The model has been saved to disk.

Test Model

Test your model against the test dataset. This will be your final accuracy. You should have an accuracy greater than 50%. If you don't, keep tweaking the model architecture and parameters.


In [15]:
"""
DON'T MODIFY ANYTHING IN THIS CELL
"""
%matplotlib inline
%config InlineBackend.figure_format = 'retina'

import tensorflow as tf
import pickle
import helper
import random

# Set batch size if not already set
try:
    if batch_size:
        pass
except NameError:
    batch_size = 64

save_model_path = './image_classification'
n_samples = 4
top_n_predictions = 3

def test_model():
    """
    Test the saved model against the test dataset
    """

    test_features, test_labels = pickle.load(open('preprocess_test.p', mode='rb'))
    loaded_graph = tf.Graph()

    with tf.Session(graph=loaded_graph) as sess:
        # Load model
        loader = tf.train.import_meta_graph(save_model_path + '.meta')
        loader.restore(sess, save_model_path)
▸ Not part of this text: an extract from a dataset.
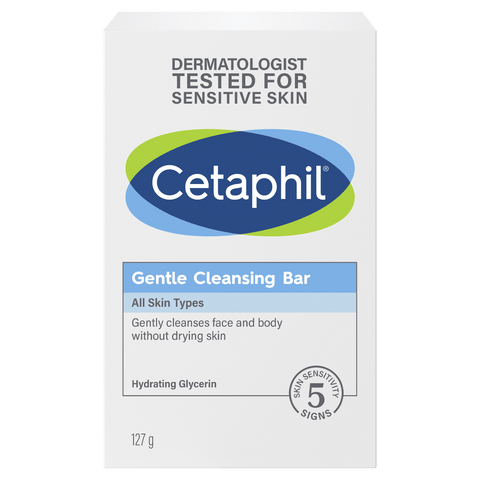 Cetaphil Gentle Skin Cleansing Bar 127g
        # Get Tensors from loaded model
        loaded_x = loaded_graph.get_tensor_by_name('x:0')
        loaded_y = loaded_graph.get_tensor_by_name('y:0')
        loaded_keep_prob = loaded_graph.get_tensor_by_name('keep_prob:0')
        loaded_logits = loaded_graph.get_tensor_by_name('logits:0')
        loaded_acc = loaded_graph.get_tensor_by_name('accuracy:0')
        
        # Get accuracy in batches for memory limitations
        test_batch_acc_total = 0
        test_batch_count = 0
        
        for test_feature_batch, test_label_batch in helper.batch_features_labels(test_features, test_labels, batch_size):
            test_batch_acc_total += sess.run(
                loaded_acc,
                feed_dict={loaded_x: test_feature_batch, loaded_y: test_label_batch, loaded_keep_prob: 1.0})
            test_batch_count += 1

        print('Testing Accuracy: {}\n'.format(test_batch_acc_total/test_batch_count))
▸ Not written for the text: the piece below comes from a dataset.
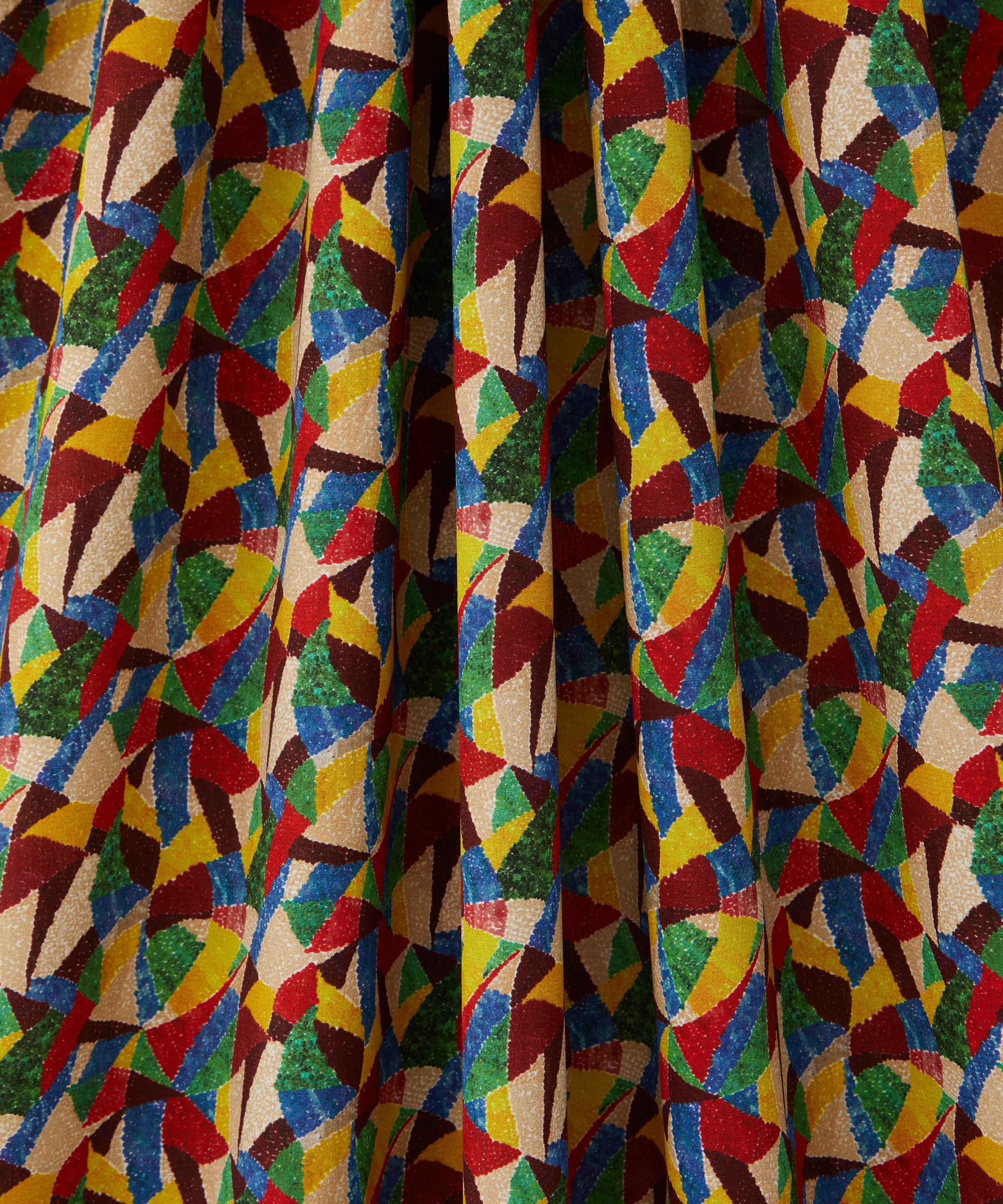 Liberty - Futurist Fracture Crepe de Chine image number 2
        # Print Random Samples
        random_test_features, random_test_labels = tuple(zip(*random.sample(list(zip(test_features, test_labels)), n_samples)))
        random_test_predictions = sess.run(
            tf.nn.top_k(tf.nn.softmax(loaded_logits), top_n_predictions),
            feed_dict={loaded_x: random_test_features, loaded_y: random_test_labels, loaded_keep_prob: 1.0})
        helper.display_image_predictions(random_test_features, random_test_labels, random_test_predictions)


test_model()


Testing Accuracy: 0.6528876582278481

Why 50-80% Accuracy?

You might be wondering why you can't get an accuracy any higher. First things first, 50% isn't bad for a simple CNN. Pure guessing would get you 10% accuracy. However, you might notice people are getting scores well above 80%. That's because we haven't taught you all there is to know about neural networks. We still need to cover a few more techniques.

Submitting This Project

When submitting this project, make sure to run all the cells before saving the notebook. Save the notebook file as "dlnd_image_classification.ipynb" and save it as a HTML file under "File" -> "Download as". Include the "helper.py" and "problem_unittests.py" files in your submission.